BEGIN

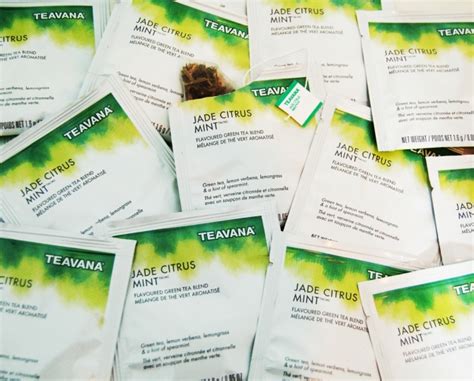 Buy Starbucks Jade Citrus Mint Teavana Tea Online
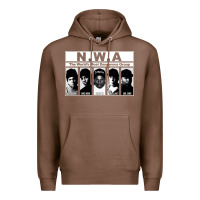 Chestnut n w a Premium Hoodie - artisFamous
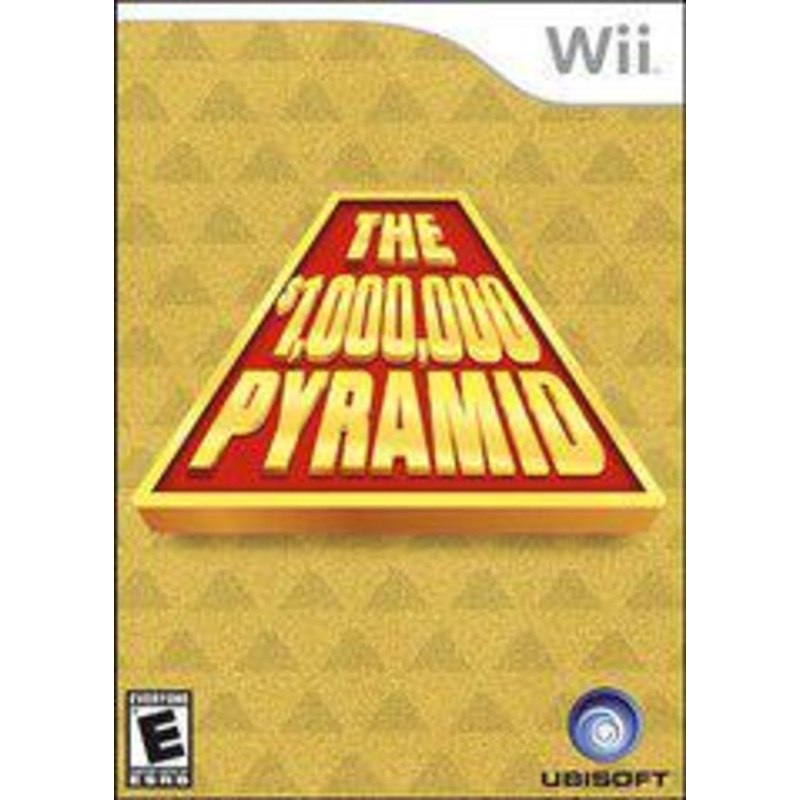 The $1,000,000 Pyramid – Wii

END

Exercise: Copy verbatim the span that begins at the line containing "Chestnut n w a Premium Hoodie - artisFamous" and ends at the last line of the material, inclusive of both; exclude pictures.

Answer section:
 Chestnut n w a Premium Hoodie - artisFamous
 The $1,000,000 Pyramid – Wii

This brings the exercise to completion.